An international complement of scholars and practitioners discuss the relationship between democracy and media at a conference at the School of Global and International Studies February 15 from 2 to 5:30 pm.
“Speaking Truth to Power: Media Capture, Disinformation and Democracy,” the conference marks the Bloomington launch of the partnership between SGIS and the National Endowment for Democracy, and in particular the endowment’s Center for International Media Assistance. The symposium will draw attention to the intersecting challenges confronting media systems and democracy, featuring two panels of researchers, policy experts, and leaders of the front-line efforts to safeguard reliable information and democratic debate around the world.
An independent news media system is widely considered the cornerstone of a thriving democracy. In recent years, one of the first signs of political turmoil in countries around the world has been the emergence of obstacles to reporting or accessing the news – and, often, the development of unconventional news outlets.
“From Turkey to Hungary to Venezuela and Ecuador, leaders have consolidated their power,” notes Elizabeth Stein, the inaugural Mark Helmke Postdoctoral Scholar on Global Media, Development and Democracy at SGIS. “In each case, one of the first pillars of democracy they attack is the independent news media, taking measures to limit freedom of the press.”
The relationship between NED and SGIS was inaugurated in December 2016 with a conference at the U.S. Capitol Visitors Center in Washington, D.C. The partnership established the Helmke Postdoctoral Scholarship Stein holds, and created internship opportunities for SGIS students both at NED’s Washington offices and overseas, in the countries where NED/CIMA is involved.
Stein, whose research focuses on Brazil, will be speaking on the conference's first panel, “Captured Media, Captured Democracies.” The media are said to be “captured” when media owners collude with or are commandeered by those in power – whether state or corporate interests -- who often disable the capacity for media regulation. “The major sources of information for the citizens of [many] states in Brazil are controlled by the very politicians who should be subject to media scrutiny,” Stein explains. A captured media system is not only a gauge of a state in crisis, but a contributor to one. “The ability of a journalist to hold the Governor accountable,” Stein notes, “when the Governor also is the journalist's employer is rather limited.”

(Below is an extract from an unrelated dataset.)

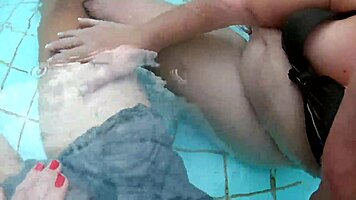 Seduce Him in the Pool 😏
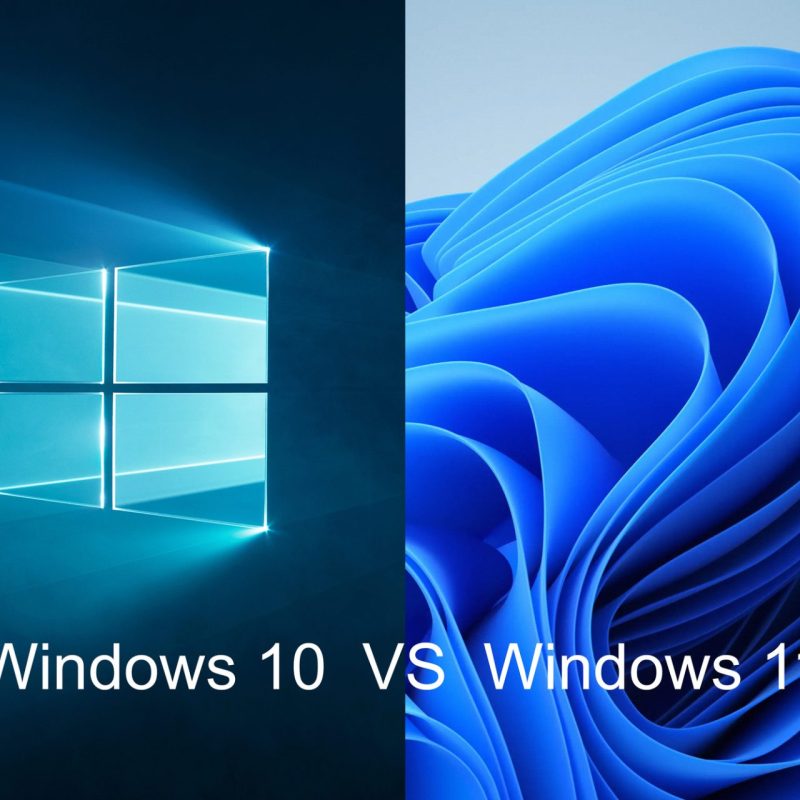 Windows 10 to Windows 11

Joining Stein on the first panel are scholars and practitioners who have illuminated the role media plays in liberal democracies and non-democratic regimes around the world. Along with Stein, speakers include Natalia Arno, President, Free Russia Foundation; Shanthi Kalathil, Director of the International Forum for Democratic Studies at the N.E.D.; Gabor Scheiring, Research Associate, University of Cambridge, Chair, Progressive Hungary Campaign. The panel’s moderator is Paul Helmke, Professor of Practice at the IU School of Public & Environmental Affairs, and brother of the postdoctoral position’s namesake. Longtime press secretary to Senator Richard Lugar, Mark Helmke was also a journalist known for his work in democracy projects in Latin American and post-Soviet Ukraine, as well as in dismantling apartheid in South Africa.
The second panel will feature speakers who are leading the efforts to combat media capture and disinformation around the world. Participants include Aleksander Dardeli, Executive Vice President for Strategy and Development, IREX; Maxine Tanya Hamada, Corporate Secretary, Institute for Leadership, Empowerment & Democracy, and Member, Steering Committee of the World Movement for Democracy; Miriam Lanskoy, Senior Director for Russia and Eurasia, National Endowment for Democracy; and Marco Larizza, Senior Public Sector Specialist, Governance Global Practice, World Bank. CIMA Senior Director Mark Nelson will moderate the panel.
The conference will conclude with a conversation between SGIS Dean Lee Feinstein and NED President Carl Gershman.
“Many political scientists focus predominantly on the existence of competitive elections to classify whether countries are or are not democracies,” Helmke Scholar Stein has commented. “But how long can a country sustain a democracy without free and independent media?”